Ces contrats étaient qualifiés de “convention d’occupation précaire”. Pour rappel, la convention d’occupation précaire d’un immeuble ou d’un local constitue un régime dérogatoire au statut des baux commerciaux (article L145-5-1 du code de commerce).

Une telle convention se caractérise, quelle que soit sa durée, par le fait que l’occupation des lieux n’est autorisée qu’à raison de circonstances particulières indépendantes de la seule volonté des parties.

Les règles applicables aux baux commerciaux y sont donc exclues. Cela veut dire, par conséquent, que le locataire des lieux ne bénéficie pas de règles protectrices applicables aux baux commerciaux notamment en terme de durée du bail (un minimum de neuf ans) ainsi que de droit au renouvellement.

A l’issue du bail précaire, le locataire a parfois intérêt à demander la requalification du contrat en bail commercial statutaire soumis aux règles protectrices du statut des baux commerciaux, le plus souvent lorsque cette convention précaire n’est pas renouvelée par le bailleur.
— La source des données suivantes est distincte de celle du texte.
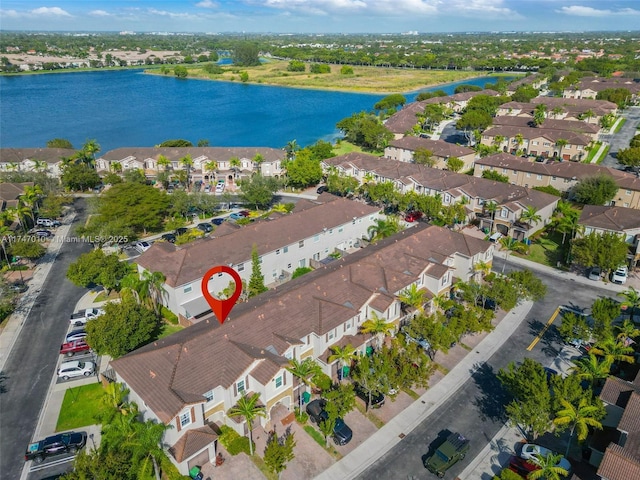 drone / aerial view featuring a water view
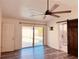 Bright bedroom with sliding glass doors to pool and modern ceiling fan at 7808 The Esplanade Ct, Orlando, FL 32836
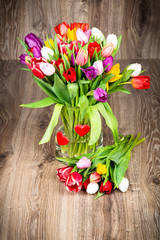Mix of tulips on wooden background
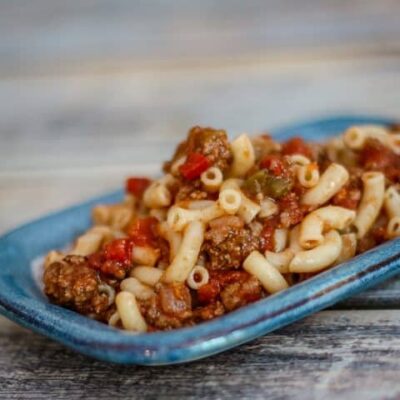 macaroni and ground beef on a small plate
Ce fut le cas en l’espèce.

Le 5 octobre 2015, la commune a adressé au locataire un projet de « bail de location saisonnière » pour l’année 2016, stipulant une durée de sept mois à l’issue de laquelle le preneur devrait quitter les lieux (01/11/2015 au 31/05/2016).

Cette proposition a été refusée par le locataire qui s’est néanmoins maintenu dans les lieux et a demandé devant le Tribunal de Grande Instance d’Albertville la requalification de sa convention en bail commercial statutaire.

Le point de départ de l’action en requalification d’un bail précaire en bail commercial était jusqu’alors fixé à la date de conclusion du contrat initial.

Tant le Tribunal Judiciaire d’Albertville que la Cour d’Appel de CHAMBERY déclareront cette demande prescrite par application de la jurisprudence jusqu’alors en vigueur faisant démarrer le point de départ de l’action en requalification à la date de signature du contrat initial.

En effet selon l’article L145-60 « Toutes les actions exercées en vertu du présent chapitre (STATUT DES BAUX COMMERCIAUX) se prescrivent par deux ans ».

En application de cette prescription biennale, la Cour de Cassation avait ainsi décidé́ que «le point de départ du délai de la prescription biennale applicable à la demande tendant à la requalification d’une convention en bail commercial court à compter de la date de conclusion du contrat ( Cour de Cassation, Chambre Civile 3, 29 novembre 2018, n°17-24715) et qu’en application de ce principe «ayant, par des motifs non critiqués, relevé́ que Mme X… était en mesure de faire valoir son droit au statut des baux commerciaux à compter du 1er octobre 2004 et retenu que son action, qui devait être exercée avant le 1er octobre 2006 était prescrite, la cour d’appel a, par ces seuls motifs, légalement justifié sa décision» ( Cour de Cassation, Chambre Civile 3, 22 mars 2018, n°17-13084).

En cas de conventions successives portant sur les mêmes lieux et entre les mêmes parties, le point de départ de la prescription se situait donc à la date de signature du contrat initial « peu important que celui-ci ait été renouvelé par avenants successifs » (Civil. 3e, 14 sept. 2017, n° 16-23.590).

Par application de ces principes, le Tribunal Judiciaire d’Albertville puis la Cour d’Appel de CHAMBERY prononceront l’irrecevabilité des demandes du locataire pour prescription de la demande de requalification et ce, sans examen au fond des motifs de la demande de requalification.

Ainsi, pour la Cour d’appel de CHAMBERY le point de départ du délai de prescription est la date de conclusion de la convention initiale (9 novembre 2009), y compris en cas de reconduction tacite ou de renouvellement par avenants successifs d’une convention initiale.